Problem statement
Using the listing below, retype exactly the lines starting at the one with "Palestinians living in" and ending at the one with "Serene Nature and", and include both.

[Opening Data listing section]

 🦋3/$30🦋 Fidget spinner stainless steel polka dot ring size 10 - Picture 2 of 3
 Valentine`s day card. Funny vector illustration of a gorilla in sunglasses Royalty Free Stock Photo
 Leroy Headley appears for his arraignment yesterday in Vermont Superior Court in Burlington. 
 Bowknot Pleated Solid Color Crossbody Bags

[Closing Data listing section]
[Opening Data listing section]

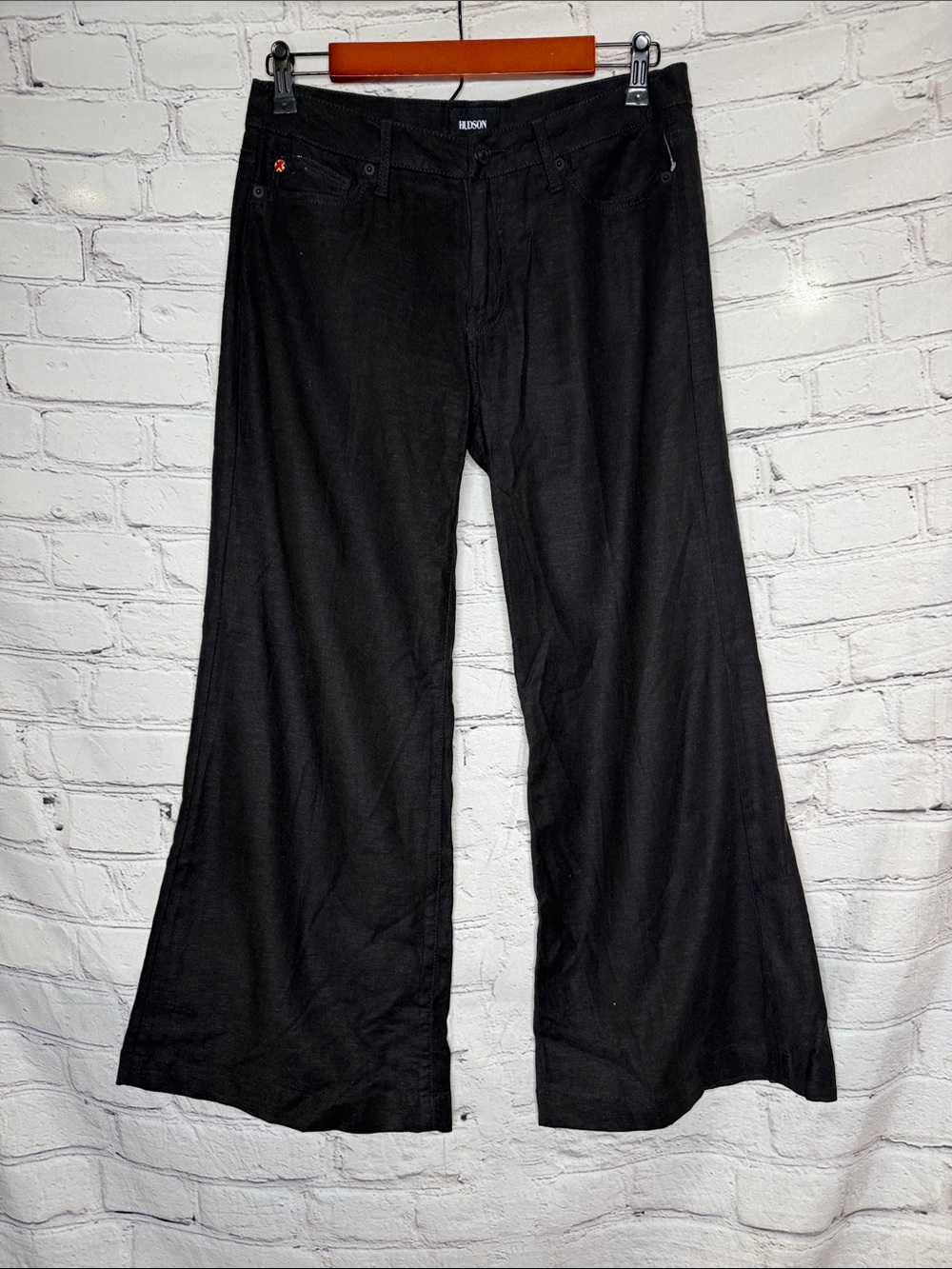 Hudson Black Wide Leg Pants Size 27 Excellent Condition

[Closing Data listing section]
[Opening Data listing section]

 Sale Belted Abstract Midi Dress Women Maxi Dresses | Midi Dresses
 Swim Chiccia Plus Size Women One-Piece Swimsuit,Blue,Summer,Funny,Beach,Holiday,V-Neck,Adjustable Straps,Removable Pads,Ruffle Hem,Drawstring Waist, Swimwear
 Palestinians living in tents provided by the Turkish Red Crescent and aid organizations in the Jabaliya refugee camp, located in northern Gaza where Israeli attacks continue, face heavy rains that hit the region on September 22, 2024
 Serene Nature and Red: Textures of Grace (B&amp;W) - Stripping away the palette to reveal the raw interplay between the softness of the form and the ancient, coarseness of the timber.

[Closing Data listing section]

Exercise result
 Palestinians living in tents provided by the Turkish Red Crescent and aid organizations in the Jabaliya refugee camp, located in northern Gaza where Israeli attacks continue, face heavy rains that hit the region on September 22, 2024
 Serene Nature and Red: Textures of Grace (B&amp;W) - Stripping away the palette to reveal the raw interplay between the softness of the form and the ancient, coarseness of the timber.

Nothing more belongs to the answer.